Consider the following situation:
- We have a Hurewicz fibration $p: E \rightarrow B$ with path-connected base $B$ and $(d-1)$-connected fiber $F$ for some $d \geq 1$. In case $d=1$ we require $\pi_1(F)$ to be abelian.
- There is a continuous map $f: X \rightarrow B$ where $X$ is a finite CW complex.
- For every $k \geq 0$, the action of the fundamental group $\pi_1(F)$ on the homotopy group $\pi_k(F)$ is trivial. As a consequence, there is a well-defined action [Davis-Kirk, Proposition 6.62] of $\pi_1(B)$ on $\pi_k(F)$.
- For each $k \geq 0$, we write $\rho(f,k): \pi_1(X) \rightarrow Aut(\pi_k(F))$ for the induced action of $\pi_1(X)$ on $\pi_k(F)$. We regard this as a local coefficient system over $X$, so that there are well-defined cohomology groups $H^*(X;\pi_k(F)_{\rho(f,k)})$ with local coefficients.
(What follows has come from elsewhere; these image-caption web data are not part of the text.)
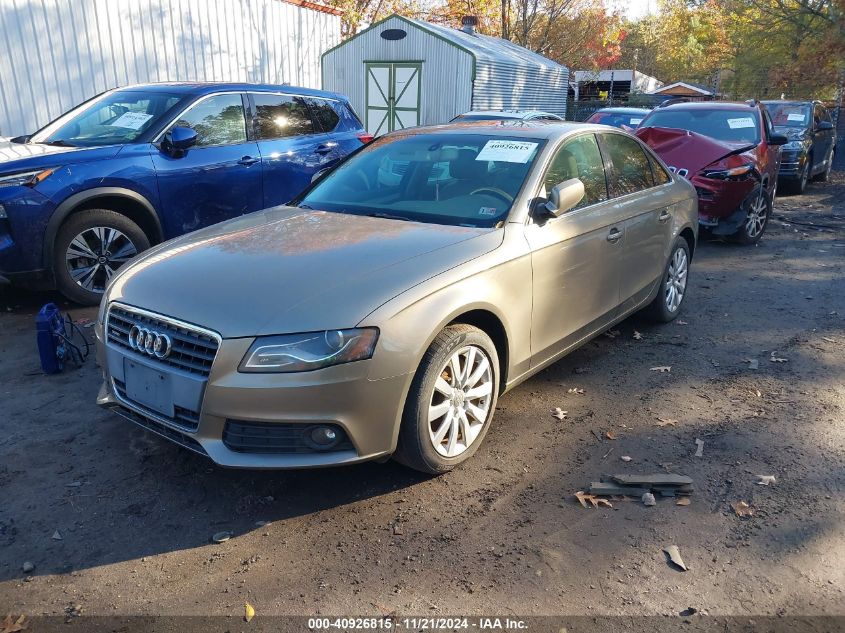 2010 Audi A4 2.0T Premium VIN: WAUFFAFL1AN013938 Lot: 40926815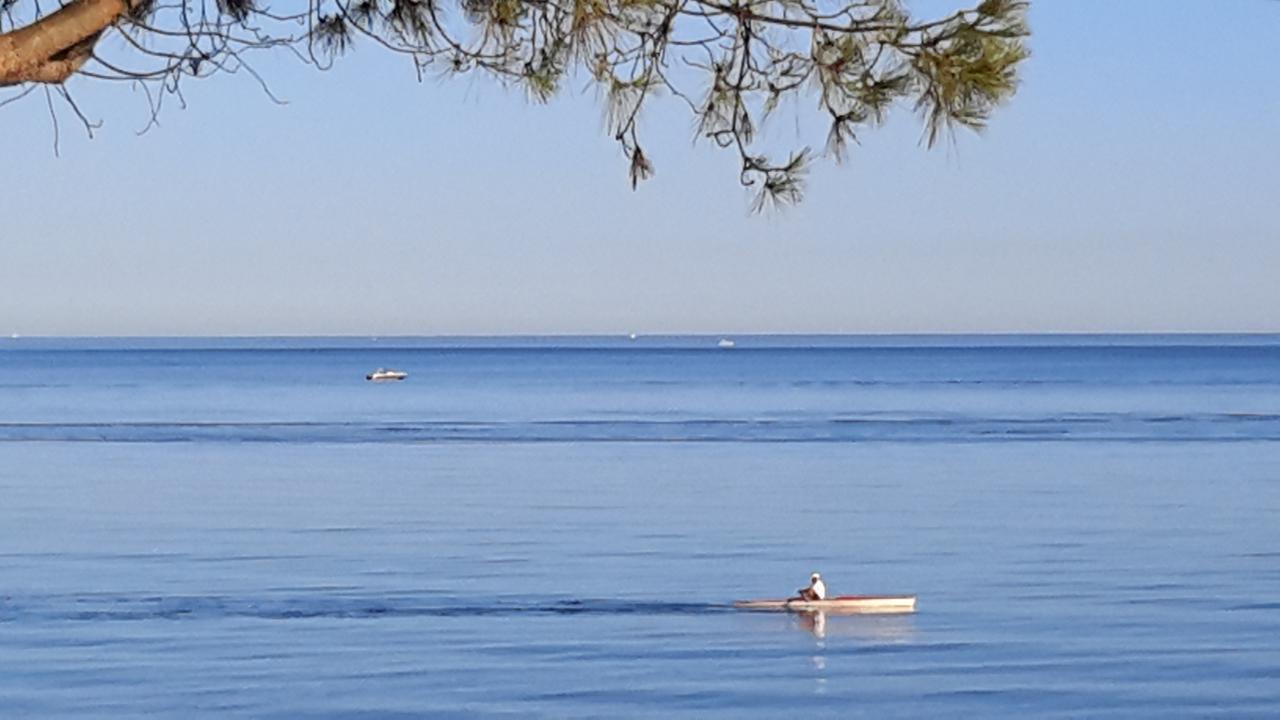 Appart Bleu Azur Saint-Florent  Ngoại thất bức ảnh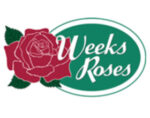 美国Weeks Roses玫瑰苗圃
Under these conditions, there is a well-developed obstruction theory. Using [Davis-Kirk, Theorem 7.37] and the remarks later: First of all, $f$ can be lifted over the $(d-1)$-skeleton $X_{d-1}$. Second, no matter which lift over the $(d-1)$-skeleton we choose, the obstruction class for lifting it further over the $d$-skeleton is unique. This primary obstruction $z_f$ is an element of $H^d(X;\pi_{d-1}(F)_{\rho(f,d-1)})$. In case $f$ can be lifted over $X_k$ for some $k \geq d$, the next obstructions lie in $H^{k+1}(X;\pi_k(F)_{\rho(f,k)})$ (but these higher obstructions are not necessarily unique).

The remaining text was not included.